Mais les législateurs américains et californiens ont déclaré que tout règlement pourrait violer les lois sur la corruption.
“Paramount semble essayer de régler une action en justice qu’elle a considérée comme” complètement sans mérite “”, a déclaré les sénateurs démocrates Elizabeth Warren, Bernie Sanders et Ron Wyden dans une lettre de mai au président de Paramount, Shari Redstone.
«En vertu de la loi fédérale sur la corruption, il est illégal de donner corrompu quoi que ce soit de valeur aux fonctionnaires pour influencer un acte officiel.
“Si les responsables de Paramount font ces concessions dans un arrangement de la contrepartie pour influencer le président Trump ou d’autres responsables de l’administration, ils pourraient enfreindre la loi.”
Sanders a déclaré que c’était «une journée sombre pour le journalisme indépendant et la liberté de la presse – une partie essentielle de notre démocratie. C’est une victoire pour un président qui tente d’étouffer la dissidence et de saper la démocratie américaine.»
Le règlement est le dernier exemple des sociétés mères de médias qui ont fait des concessions à Trump et à l’administration Trump, qui jette fréquemment une couverture défavorable comme des «fausses nouvelles».
Mardi, Trump et le secrétaire à la sécurité intérieure, Kristi Noem, ont menacé de poursuivre Les actualites au sujet de ses rapports sur une application conçue pour aider les gens à éviter les agents d’immigration et d’application des douanes, et sur la déclaration d’une évaluation des dommages sur les installations nucléaires iranien qui était défavorable aux réclamations de l’administration.

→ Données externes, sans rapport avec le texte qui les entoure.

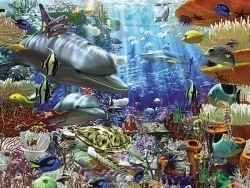 Ravensburger Puzzle Leben unter Wasser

Le règlement intervient également après Meta Plateformes, la société mère de Facebook et Instagram, a déclaré le 29 janvier qu’elle avait accepté de payer environ 25 millions de dollars pour régler un procès par Trump par la suspension par la société de ses comptes après l’attaque du 6 janvier 2021 au Capitole américain.
La décision de Paramount de régler l’affaire – qui aurait provoqué de profondes bouleversements dans la salle de rédaction de CBS – suit également ABC News acceptant de payer 15 millions de dollars à Trump pour régler un procès en diffamation sur des commentaires inexacts de l’ancre George Stephanopoulos que Trump avait été civilement responsable du viol.